Nazri Begum, a 55-year-old widow living downstream in Paskham village, is the sole breadwinner for her 11 family members: six girls and five boys. Under the same programme, FAO helped her establish a backyard poultry farm. She received 30 pullets, 200 kg of poultry feed, and the construction of a chicken coop. Additionally, she received comprehensive training on poultry farming techniques, equipping her with the skills to keep her poultry alive. This initiative helped her nourish her family better while providing a source of income for her family. Her children also find it fun to have the chickens around.

Besides supporting individual vulnerable households with food production, the UNCERF-supported FAO programme undertakes the rehabilitation and construction of water irrigation structures in rural areas of Afghanistan. Thus, in the narrow valley of Hazaarah, Tagab district, a 38-meter river-bank protection wall was built to protect the community against increasingly frequent flash floods (the result of climate change). To improve irrigation, the community dredged and repaired a nearly 7.5 km long canal. 120 people, selected by village elders as the most needy ones in the community, each received USD 100 for their work. In a cash-strapped economy, a hundred dollars can go a long way.

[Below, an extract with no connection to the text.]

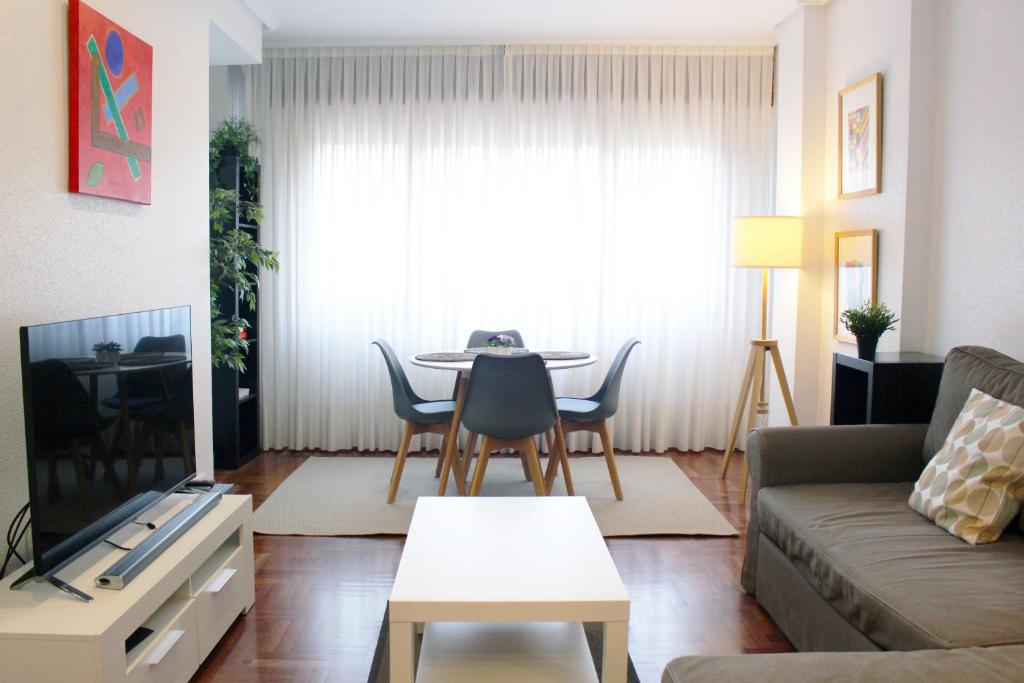 Bilbao Apartment Lasai con parking directo في بلباو: غرفة معيشة مع أريكة وطاولة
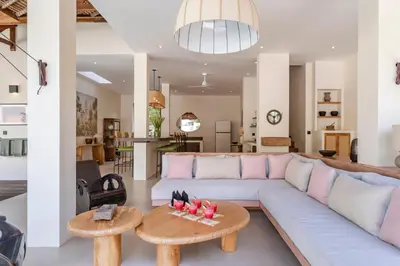 a living room with a couch and a table at Villa Jodoh - Exciting Chic 4BR Stylish Villa Near Seminyak, Perfect for a Trendy Getaway in Kerobokan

The food and nutrition security project does not only take place in Badakhshan. From July 2023 to January 2024, the project supported 31 200 vulnerable households encompassing approximately 218 400 people in Badakhshan, Badghis, Nuristan, and Uruzgan provinces. By focusing on areas grappling with high levels of food insecurity – IPC 4: in emergency – FAO hopes to bring down the number of acutely food insecure people to much less than the current national rate: 36 percent.